== Provided material ==

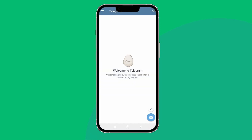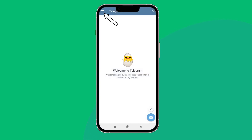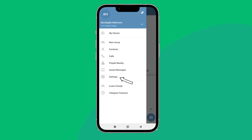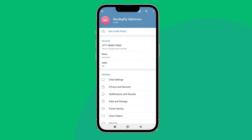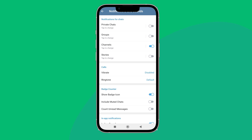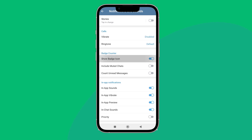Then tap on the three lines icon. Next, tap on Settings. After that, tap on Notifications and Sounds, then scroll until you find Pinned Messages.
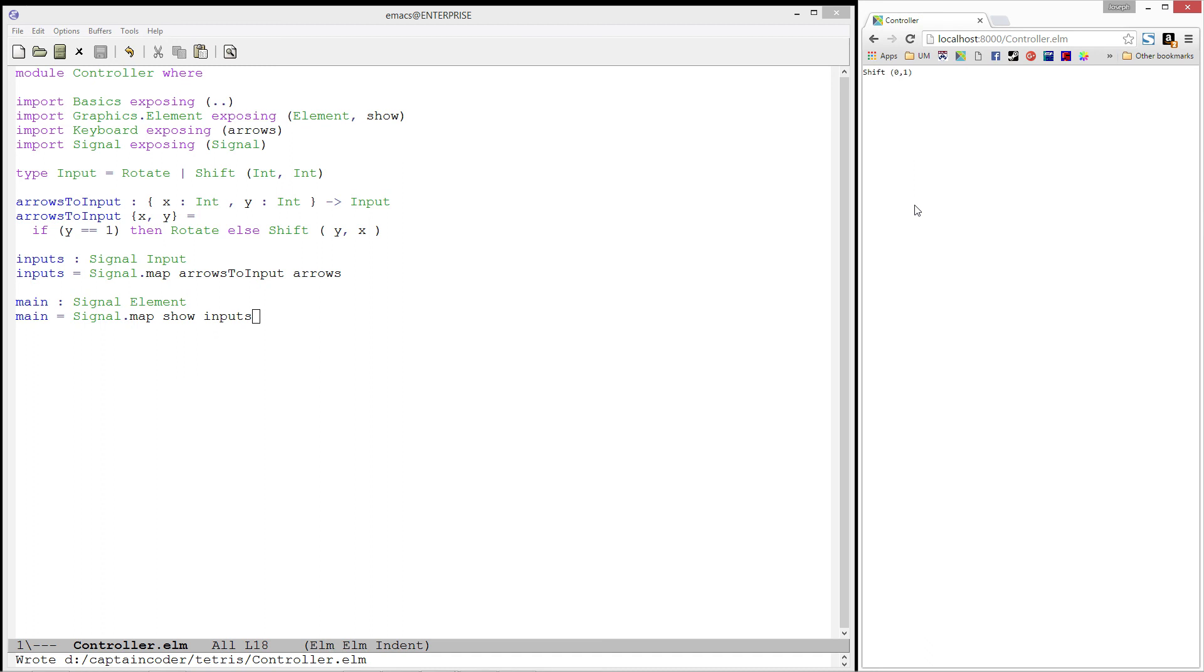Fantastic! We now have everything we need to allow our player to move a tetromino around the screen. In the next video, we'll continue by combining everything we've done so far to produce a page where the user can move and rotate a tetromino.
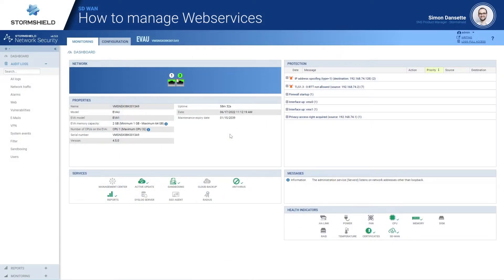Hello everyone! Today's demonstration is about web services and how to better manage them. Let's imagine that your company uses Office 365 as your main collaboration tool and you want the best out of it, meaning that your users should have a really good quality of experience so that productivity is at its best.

== Work to be completed ==
In the answer, the data should reappear exactly, with no pictures.

== Result for this task ==
Then tap on the three lines icon. Next, tap on Settings. After that, tap on Notifications and Sounds, then scroll until you find Pinned Messages.
Fantastic! We now have everything we need to allow our player to move a tetromino around the screen. In the next video, we'll continue by combining everything we've done so far to produce a page where the user can move and rotate a tetromino.
Hello everyone! Today's demonstration is about web services and how to better manage them. Let's imagine that your company uses Office 365 as your main collaboration tool and you want the best out of it, meaning that your users should have a really good quality of experience so that productivity is at its best.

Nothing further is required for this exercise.